GCP Professional Data Engineer Cert Flashcards
(264 cards)
Relational Databases
Has relationship between tables
Google Cloud SQL: Managed SQL instances-don’t have to set much up, Multiple database engines like MySQL, Scalability and availability vertically scales to 64 cores, MySQL has different instances it is also secure-Cloud SQL proxy or SSL/TLS, or have private IPs there are also maintenance windows and automated backups , point in time recovery instance stores
Importing MySQL Data Commands: InnoDB mysqldump export/import, CSV import, External replica promotion-need binary log retention
PostgreSQL Instances are another option-have automated maintenance, unsupported features but it has high availability
Import PostgreSQL commands: SQL dump export/import, CSV import
Cloud Firestore
- Fully managed No SQL database-server less autoscaling, NoSQL document store
- Realtime DB with mobile SDKs, Android and IOS client libraries, frameworks for popular programming languages
- Strong scalability and consistency-horizontal autoscaling
Bundle multiple documents=collection
Messages are sub collections
Cloud Spanner
- Managed SQL -compliant DB-SQL schemas and queries with ACID transactions
- Horizontally scalable: Strong consistency across rows, regions from 1 to 1,000s of nodes
- Highly available-automatic global replication, no planned downtime and 99.9999% SLA
High Cost
CAP Theorem
Consistency-one change data with specific rules, Availability-always available to do queries, Partition Tolerance-needs to tolerate failures and has to be tolerant of any loss of partition parts
Most likely you will have two parts at once
Spanner is strongly consistent and highly available, sometimes it will choose consistency over availability, global private network, five 9s of availability
Cloud Spanner Architecture
An allocation of resources, instance configuration-regional or multi-regional, initial number of nodes
Region configuration: a region has a zone/multiple zones.

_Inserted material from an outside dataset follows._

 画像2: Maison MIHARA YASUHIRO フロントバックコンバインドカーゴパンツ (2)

With each instance, specify the node count as 1 and each replica is powered by each virtual machine, by moving the node number up you are adding more machines for more computing power. The replicas stay the same, but machines/nodes can change. Therefore, you can connect the different replicas across different zones to create a node.
Cloud Memorystore
In memory database
1. Fully managed Redis Instance-provisioning, replication, failover-fully automated
2. Basic tier: efficient cache that that can withstand a cold restart and a full data flush
3. Standard tier-adds a cross-zone replication and automatic failover
Benefits-no need to provision own VMs,scale instances with minimal impact, private IPs and IAM, automatic replication and failover
Creating an Instance: Version 3.2 or 4, choose service tier and region, memory capacity 1-300GB(Determines network throughput), add configuration parameters
Connecting to Instances: Compute Engine, Kubernetes Engine, App Engine, Cloud Function(server-less VPC connector)

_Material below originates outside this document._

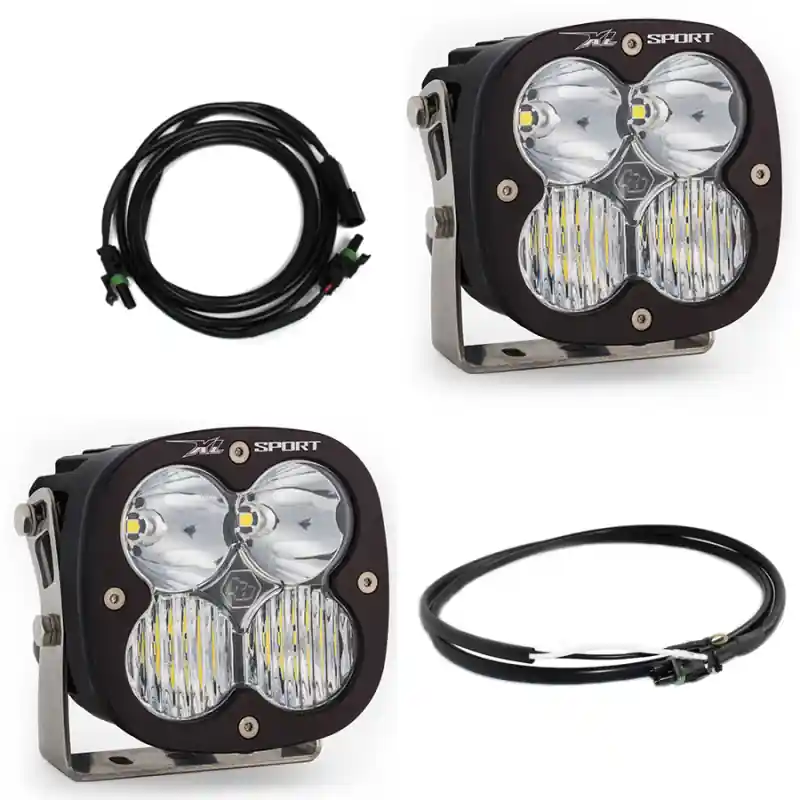 Free Delivery Baja Designs Jeep JL/JT Rubicon Steel Bumper LED Light Kit XL Sport w/Upfitter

Import and Export: Export to RDB backup: BETA, admin operation not permitted during esport, may increase latency, RDB file written to Cloud Storage
Import from RDB backup: Overwrites, all current instance data, instance unavailable during import process
Use Cases: Redis can be used as a Session Cache that the common uses are logins, and shopping carts, a Message Queue that queues messages and operates to enable loosely-coupled services, or a Pub/Sub advanced message
Comparing Storage Options
- Ask yourself if this is structured or unstructured data? Structured: SQL data, NoSQL data, Analytics data, Keys and values Unstructured: Binary blobs, videos, images, proprietary files-unstructured data use the Cloud Storage Option
- Is the data going to be used for Analytics? Low Latency vs Warehouse. Low latency: Petabyte scale, single-key rows, time series or IoT data.-Choose Cloud Bigtable Warehouse: petabyte scale, analytics warehouse, SQL queries-Choose Bigquery
- Is this relational data? Horizontal Scaling vs Vertical scaling. Horizontal Scaling: ANSI SQL works, global replication, high availability and consistency, it’s expensive but can the client afford it, most financial institutions would probably use this-Choose Cloud Spanner. Vertical scaling: MySQL or PostgreSQL, managed service, and high availability-Choose Cloud SQL.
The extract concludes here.